Signs and symptoms of albinism
Symptoms of albinism can involve the skin, hair, and eyes. The skin, because it contains little pigment, appears very light, as does the hair.
Although people with albinism may experience a variety of eye problems, one of the myths about albinism is that it causes people to have pink or red eyes. In fact, people with albinism can have irises varying from light gray or blue to brown.
(The iris is the colored portion of the eye that controls the size of the pupil, the opening that lets light into the eye.) If people with albinism seem to have reddish eyes, it's because light is being reflected from the back of the eye (retina) in much the same way as happens when people are photographed with an electronic flash.
People with albinism may have one or more of the following eye problems: They may be very far-sighted or near-sighted, and may have other defects in the curvature of the lens of the eye (astigmatism) that cause images to appear unfocused.
They may have a constant, involuntary movement of the eyeball called nystagmus.
They may have problems in coordinating the eyes in fixing and tracking objects (strabismus), which may lead to an appearance of having "crossed eyes" at times. Strabismus may cause some problems with depth perception, especially at close distances.

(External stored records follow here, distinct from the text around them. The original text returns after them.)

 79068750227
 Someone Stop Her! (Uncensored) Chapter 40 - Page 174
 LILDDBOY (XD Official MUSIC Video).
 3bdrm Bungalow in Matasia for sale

They may be very sensitive to light (photophobia) because their irises allow "stray" light to enter their eyes. It's a common misconception that people with albinism shouldn't go out on sunny days, but wearing sunglasses can make it possible to go outside quite comfortably.

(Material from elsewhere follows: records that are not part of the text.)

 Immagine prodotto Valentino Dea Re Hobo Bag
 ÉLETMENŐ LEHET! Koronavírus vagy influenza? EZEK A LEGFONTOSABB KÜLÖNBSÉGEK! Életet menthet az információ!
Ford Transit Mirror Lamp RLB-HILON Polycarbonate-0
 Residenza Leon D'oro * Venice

In addition to the characteristically light skin and eye problems, people with a rare form of albinism called Hermansky-Pudlak Syndrome (HPS) also have a greater tendency to have bleeding disorders, inflammation of the large bowel (colitis), lung (pulmonary) disease, and kidney (renal) problems.
Albinism affects approximately 1 in 20,000 individuals, producing pigmentary deficiency, abnormal crossings of the temporal fibers in the optic chiasm, nystagmus, photophobia, variable visual acuity and, frequently, strabismus. The main subdivisions of albinism include oculocutaneous, ocular, and albinoidism (absence of pigment in localized areas; the pigment in the skin, hair and eyes is less than normal but does not affect the individual as severely as the oculocutaneous or ocular types). The literature reports as many as 20 variants of oculocutaneous albinism alone.
Oculocutaneous as well as ocular albinos exhibit similar ocular and visual dysfunction. The oculocutaneous albino patient manifests reduced acuity, photophobia, strabismus, significant refractive error with astigmatism, transillumination of the iris and globe, nystagmus, blonde fundus with visible choroidal vasculature, and macular hypoplasia. A super-normal EOG and ERG is also present.
Transillumination of the iris and globe results from insufficient uveal pigmentation and poor development of the retinal pigment epithelium. This leads to a funduscopic picture of a blond fundus with extensive areas of hypopigmentation and clearly visible underlying choroidal vasculature. The pigment of the RPE acts as a sink for incoming light. When the RPE is underdeveloped, light scatters within the eye, producing the subjective complaint of photophobia.
The level of visual acuity varies among albino patients according to the amount of ocular pigmentation present and the concomitant level of macular development. Ocular albinos have variable amounts of uveal pigmentation and the potential to have the best acuity (20/25 to 20/300) among albinos. Oculocutaneous albinos exhibits less pigmentation than their ocular albino counterparts and tend to have lower acuity levels (20/80 to 20/400).